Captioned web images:
#####

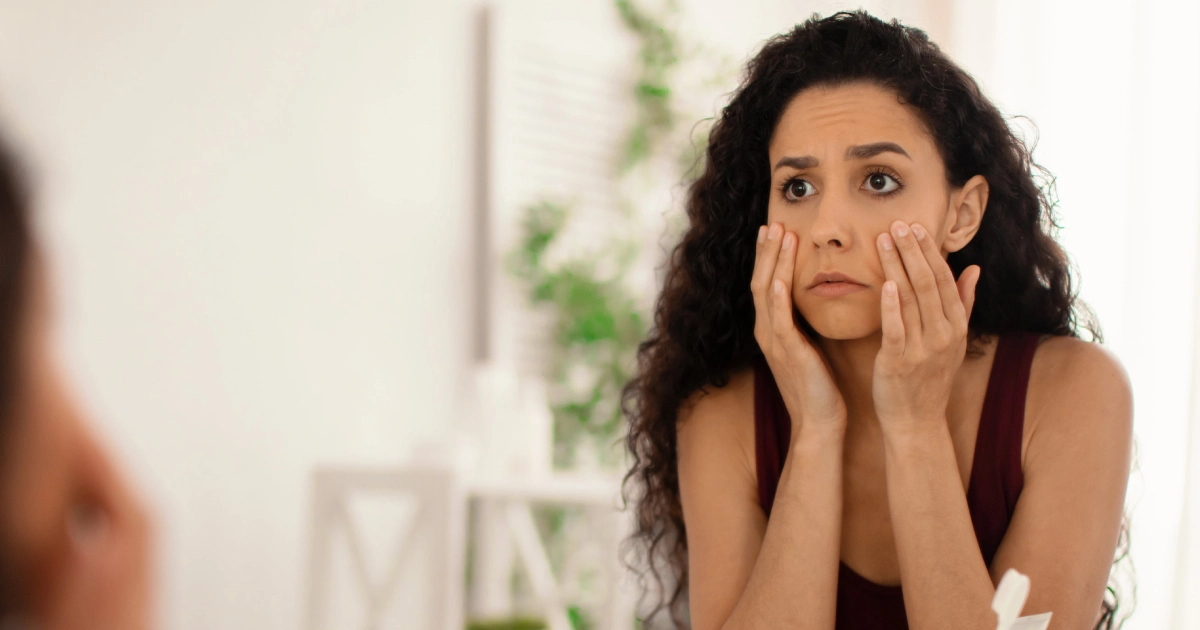 Woman checking under-eye concerns in the mirror, considering Eye Treatments at Brandish Clinic Facial and Skin Rejuvenation in La Jolla, CA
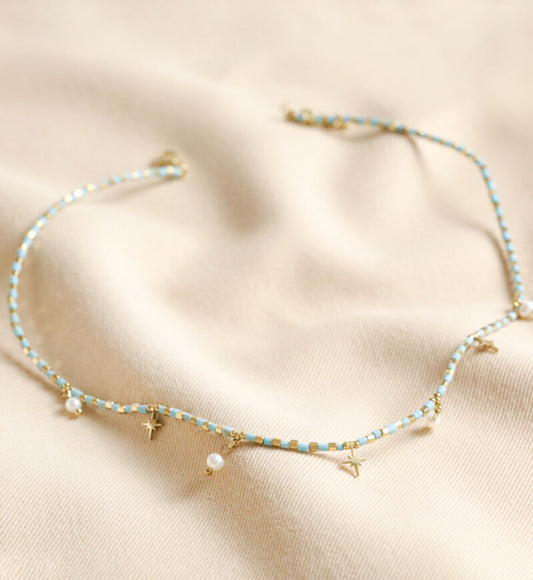 Blue bead star and pearl charm necklace in gold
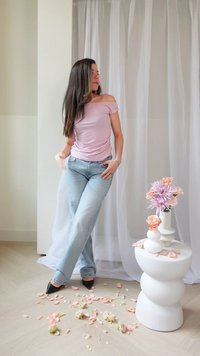 Rosa off-shoulder topp, ljusblå jeans och svarta spetsiga klackar. Vit skulptural bord med blommor och blad på golvet. Neutral bakgrund.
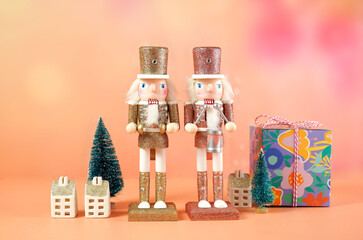 Bright modern Christmas scene with pink and gold wooden nutcracker ornaments, gifts and mini...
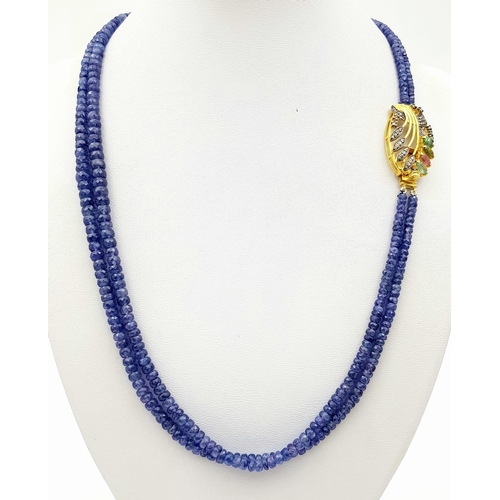 1298 - Rare Dual Strand Blue Sapphire Necklace, with a Gold plated clasp embedded with Tourmalines. 47.5g. ...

#####

**Work item:**
Print every line above exactly as given, but not the pictures.

**Task output:**
 Woman checking under-eye concerns in the mirror, considering Eye Treatments at Brandish Clinic Facial and Skin Rejuvenation in La Jolla, CA
 Blue bead star and pearl charm necklace in gold
 Rosa off-shoulder topp, ljusblå jeans och svarta spetsiga klackar. Vit skulptural bord med blommor och blad på golvet. Neutral bakgrund.
 Bright modern Christmas scene with pink and gold wooden nutcracker ornaments, gifts and mini...
 1298 - Rare Dual Strand Blue Sapphire Necklace, with a Gold plated clasp embedded with Tourmalines. 47.5g. ...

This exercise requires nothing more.